Another problem with this approach is consolidation of data. At Apteligent, we collect an astonishing amount of the stuff and our service needs to be up 24×7. Say what you like about the old system, it was damn good at it, coping with over 30,000 requests every second. Unfortunately, with all of its discrete systems, it was extremely difficult to cross reference that data in a consistent fashion, forcing us to build even more complicated extraction and consolidation infrastructure. We used the results to generate a lot of interesting reports on mobile trends and events, but it just took too much time and effort to build something new. We’d often speculate about the data we collected but putting those ideas to the test was prohibitive. So unless we were really really hot on it, or had trouble sleeping over the course of a few nights, or happened to have the house to ourselves over the weekend because the Significant Other was away visiting family, these ideas were all too often put in cold storage. We actually had a special freezer in the office upon which we could gaze sadly and think of these friends in stasis.

The Holder of Frozen Dreams

The last major problem with our previous platform was one very close to our VP of Finance’s heart: cost. The platform was growing far too expensive for the utility we were receiving from it and the future leveragability it provided.

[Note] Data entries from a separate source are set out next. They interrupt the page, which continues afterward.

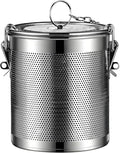 Stainless steel cylindrical seasoning filter, Mesh Design Tea Ball Strainer by BANGPEIWQT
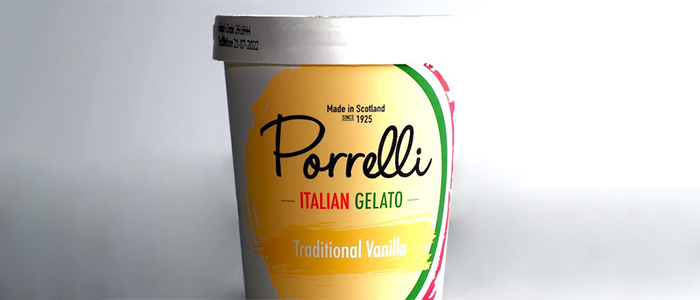 Large Tub Of Porrelli Ice Cream 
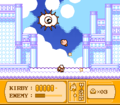 Kirby fighting Kracko in Kirby's Adventure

Time, then, for a change. We have our top level requirements: we needed a unifying system that was capable of replicating the functionality we had at the time, allowed us to view all of our data and let the Data Science team have its wicked whimsical way with it, and it had to be cheaper than the existing requirement. A familiar refrain. Better, stronger, faster. And cheaper. Easy, right?

6 million bucks for this!? Where do I sign up? Do I get a red tracksuit?

A Minor Diversion: Lambda

As part of the research into one of our standalone systems, Userflows, we’d done a spot of digging into Metamarket’s Druid. Though a nice system, we ultimately deemed it too costly at the time for the functionality we needed. But it did introduce us to the Lambda architectural pattern and that was a Good Thing and gave us Inspiration; our new Lumos data platform is based on that.


The Lambda architectural pattern is pretty simple in concept. It’s a bit like RAM vs disk access. RAM is fast but relatively expensive so it’s limited. Disk is cheap but slow. You store theinformation you need to access quickly in RAM and swap it out for disk-stored data as required. In a Lambda system, each event is stored in some sort of (hopefully) cheap storage. A batch computation system churns its way through the data and computes whatever results you need to serve. The batch system is cheap to run because it’s not executing all the time and works well on commodity hardware, a prime Map/Reduce application. The Lambda system also sends a limited amount of data to a realtime layer, usually some sort of stream processing system, which executes the same calculations as the batch layer. Lastly, there’s a serving or API tier which reads data from the batch or realtime layers as necessary.

It’s hard to envision without a picture, so have a look at the one below.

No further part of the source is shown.